# Sentry Mode False Positives ... then



## skygraff (Jun 2, 2017)

I didn’t know where to put this but I think it’s mostly about the software. If anybody has advice or the mods have a better place to put this, feel free.

Like most of you, I see regular alerts about Sentry Mode events when I get in my Model 3; usually, at least 1 event because the system flashes me as I approach even though I have the BT connected key in my pocket. I generally make a habit of walking around my car for a quick visual inspection even before I get in and see the event count so I don’t typically look again after that and I don’t usually pull the usb drive for review now that the software reuses space (especially since there’s no time stamp of the events).

Saturday, I actually got an alert to my phone that the alarm had been activated as I was leaving a restaurant.

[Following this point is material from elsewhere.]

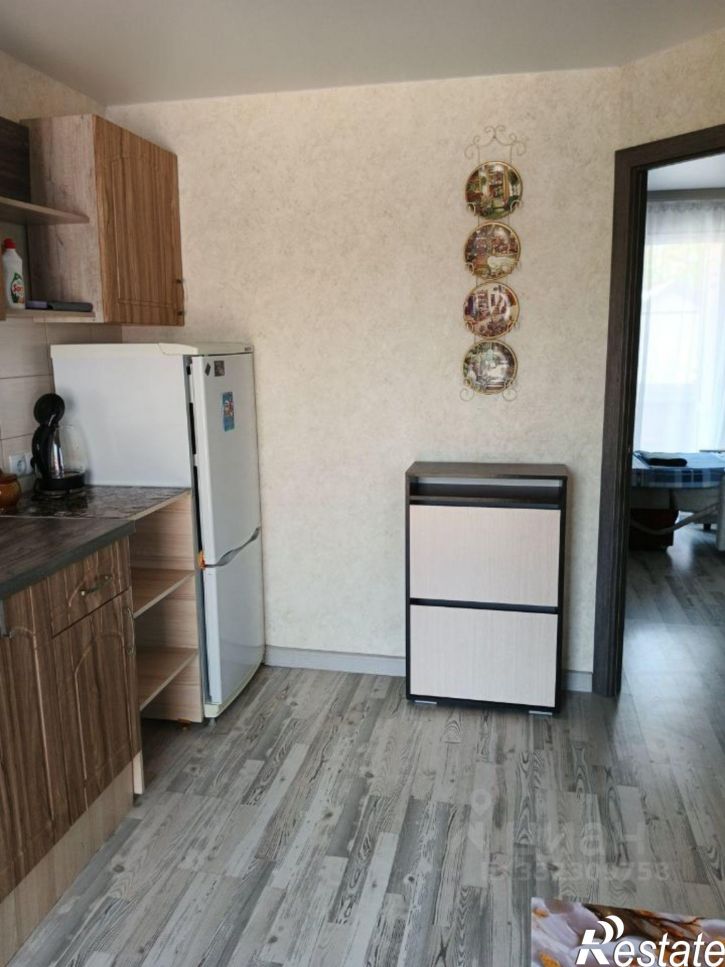 1-комн квартира ул Бердянская, 86,  д. 86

By the time I got out to the car, there was no sign of the alarm condition and, after visually inspecting it in the dark, I decided it was another false alarm but I made plans to review the footage.

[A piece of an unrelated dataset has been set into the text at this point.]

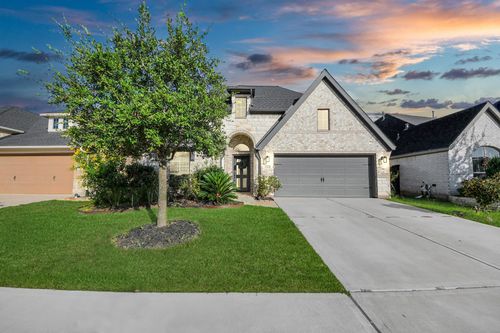 6614 Redwing Ct, Katy, TX, 77493-4207 | Card Image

On Sunday night, I pulled the usb and reviewed the Sentry files only to discover that a car had backed down the one way street and, in a very wide turn into a parking space against the opposite curb, had impacted my front right bumper just ahead of the wheel. I went out to my garage and took a closer look which gave me the bad news that there were some scrapes. Fortunately, doesn’t look like much more but no way to know for sure based on my knowledge and tools.

The upshot of this is that, if not for all the false positives, I might’ve been more careful with my inspection and I might’ve asked the nearby driver if he’d seen anything (he might’ve then admitted his mistake which he certainly didn’t seem inclined to do without my asking that night). Had I been able to review the footage on the screen (as we’ve all been hoping for), with time stamps for the events, I might’ve known where to look closer before driving away that’s night.

I don’t know if there’s any way I can zoom in on the plate in the low light footage or if it would be worth passing that on to my insurance (don’t even know if making a claim is worth it) but, again, I’m very frustrated with the way Sentry Mode’s false positives have made me less rather than more vigilant. I’m not sure I would’ve noticed this damage before the next time I hand washed so, even if my own behavior is disappointing and I wish SM was better, I guess I’m glad I have proof of the actual cause.

Suffice to say, if you think you had a false positive, reinspect your vehicle and review your footage before it gets erased. Don’t know what good it’ll do you but, at the very least, you’ll know what happened.


----------



## DocScott (Mar 6, 2019)

Sorry to hear about the damage.

There's a difference between an alert and an alarm. Alerts, in my experience, are more than 99% not anything to worry about. But alarms, like the one that pushed to your phone, indicates the car felt an impact of some sort. I had a false alarm during a fireworks show, but in general I'd take alarms quite seriously.


----------



## GDN (Oct 30, 2017)

To go along with @DocScott I'm not sure I've heard of many false positives on the Alarm and truly not on Sentry itself. If I've got a recording someone was usually near by. The only alarm we've had go off on either car, it had also been backed in to. It was a light bump, but it was hit. No real damage other than a light mark that will buff out I believe, but if that alarm goes off, I'd be checking video right away.


----------



## slasher016 (Sep 12, 2017)

I've had several false postives on alarms, but they're almost always a really loud vehicle going by it in a garage and even once on a street. But yes, definitely check the alarm footage afterwards.


----------



## skygraff (Jun 2, 2017)

Thanks for all the feedback.

You're right about the pushed alarm to the phone being, obviously, reliable. The only other time I had one was when it was on a flat bed tow which hit a bump in the road; not a true alarm siituation but also not false.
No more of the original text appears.